### INSTRUCTIONS TO FOLLOW
Give back an exact copy of the lines below, from the first through the line with "GUL AHMED-3PC Unstitched"; please stop there.

### STORED DATA
■ ■ ■ ■ ■ ■ ■

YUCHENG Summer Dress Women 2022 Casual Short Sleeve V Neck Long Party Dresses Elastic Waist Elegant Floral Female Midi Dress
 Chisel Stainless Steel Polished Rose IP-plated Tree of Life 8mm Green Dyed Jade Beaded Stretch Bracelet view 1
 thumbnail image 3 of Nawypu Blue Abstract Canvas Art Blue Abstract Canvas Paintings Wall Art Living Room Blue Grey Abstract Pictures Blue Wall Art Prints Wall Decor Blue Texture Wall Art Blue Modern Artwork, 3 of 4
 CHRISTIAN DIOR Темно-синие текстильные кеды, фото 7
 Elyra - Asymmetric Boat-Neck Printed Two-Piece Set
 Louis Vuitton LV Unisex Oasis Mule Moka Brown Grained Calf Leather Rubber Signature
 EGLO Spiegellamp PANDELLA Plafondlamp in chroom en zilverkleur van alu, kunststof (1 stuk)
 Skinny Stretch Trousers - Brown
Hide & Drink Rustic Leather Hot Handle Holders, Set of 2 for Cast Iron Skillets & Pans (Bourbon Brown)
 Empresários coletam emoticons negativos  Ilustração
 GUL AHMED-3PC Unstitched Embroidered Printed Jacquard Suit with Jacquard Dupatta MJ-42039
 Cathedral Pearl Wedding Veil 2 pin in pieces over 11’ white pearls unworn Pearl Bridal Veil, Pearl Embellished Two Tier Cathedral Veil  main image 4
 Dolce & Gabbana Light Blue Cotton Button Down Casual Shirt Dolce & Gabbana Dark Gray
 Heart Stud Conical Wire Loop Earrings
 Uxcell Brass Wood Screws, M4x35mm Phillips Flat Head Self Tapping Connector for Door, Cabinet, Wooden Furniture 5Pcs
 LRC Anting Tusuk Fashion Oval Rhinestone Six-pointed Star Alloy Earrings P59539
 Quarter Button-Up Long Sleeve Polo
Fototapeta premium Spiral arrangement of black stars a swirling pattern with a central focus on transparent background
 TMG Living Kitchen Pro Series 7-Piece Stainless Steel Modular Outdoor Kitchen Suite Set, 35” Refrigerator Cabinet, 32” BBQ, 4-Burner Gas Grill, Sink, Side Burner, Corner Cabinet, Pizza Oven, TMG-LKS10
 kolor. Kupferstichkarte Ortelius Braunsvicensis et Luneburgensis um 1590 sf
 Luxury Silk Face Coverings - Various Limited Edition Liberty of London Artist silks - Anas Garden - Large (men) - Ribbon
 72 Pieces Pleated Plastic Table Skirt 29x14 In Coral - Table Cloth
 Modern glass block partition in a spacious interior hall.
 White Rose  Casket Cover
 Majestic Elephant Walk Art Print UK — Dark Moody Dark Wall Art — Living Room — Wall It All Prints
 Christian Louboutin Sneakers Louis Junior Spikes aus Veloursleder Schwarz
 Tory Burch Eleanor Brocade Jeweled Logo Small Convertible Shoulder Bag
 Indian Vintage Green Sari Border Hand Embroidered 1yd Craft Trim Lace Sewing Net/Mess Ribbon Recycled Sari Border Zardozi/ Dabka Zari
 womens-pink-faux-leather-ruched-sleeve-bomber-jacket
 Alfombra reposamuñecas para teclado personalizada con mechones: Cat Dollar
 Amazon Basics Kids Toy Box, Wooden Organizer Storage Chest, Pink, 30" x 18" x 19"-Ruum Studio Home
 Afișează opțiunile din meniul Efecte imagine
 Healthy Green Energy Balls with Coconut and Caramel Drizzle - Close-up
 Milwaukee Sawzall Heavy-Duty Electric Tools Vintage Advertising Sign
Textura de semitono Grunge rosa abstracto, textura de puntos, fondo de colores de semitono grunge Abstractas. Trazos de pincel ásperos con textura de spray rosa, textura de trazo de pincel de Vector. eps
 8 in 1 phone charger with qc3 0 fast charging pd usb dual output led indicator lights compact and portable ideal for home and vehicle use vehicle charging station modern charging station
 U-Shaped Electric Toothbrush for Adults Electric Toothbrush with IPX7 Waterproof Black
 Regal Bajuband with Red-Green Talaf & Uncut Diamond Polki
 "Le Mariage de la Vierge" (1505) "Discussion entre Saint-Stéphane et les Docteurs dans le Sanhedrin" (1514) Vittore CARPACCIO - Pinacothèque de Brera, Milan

■ ■ ■ ■ ■ ■ ■

### TASK SOLUTION
YUCHENG Summer Dress Women 2022 Casual Short Sleeve V Neck Long Party Dresses Elastic Waist Elegant Floral Female Midi Dress
 Chisel Stainless Steel Polished Rose IP-plated Tree of Life 8mm Green Dyed Jade Beaded Stretch Bracelet view 1
 thumbnail image 3 of Nawypu Blue Abstract Canvas Art Blue Abstract Canvas Paintings Wall Art Living Room Blue Grey Abstract Pictures Blue Wall Art Prints Wall Decor Blue Texture Wall Art Blue Modern Artwork, 3 of 4
 CHRISTIAN DIOR Темно-синие текстильные кеды, фото 7
 Elyra - Asymmetric Boat-Neck Printed Two-Piece Set
 Louis Vuitton LV Unisex Oasis Mule Moka Brown Grained Calf Leather Rubber Signature
 EGLO Spiegellamp PANDELLA Plafondlamp in chroom en zilverkleur van alu, kunststof (1 stuk)
 Skinny Stretch Trousers - Brown
Hide & Drink Rustic Leather Hot Handle Holders, Set of 2 for Cast Iron Skillets & Pans (Bourbon Brown)
 Empresários coletam emoticons negativos  Ilustração
 GUL AHMED-3PC Unstitched Embroidered Printed Jacquard Suit with Jacquard Dupatta MJ-42039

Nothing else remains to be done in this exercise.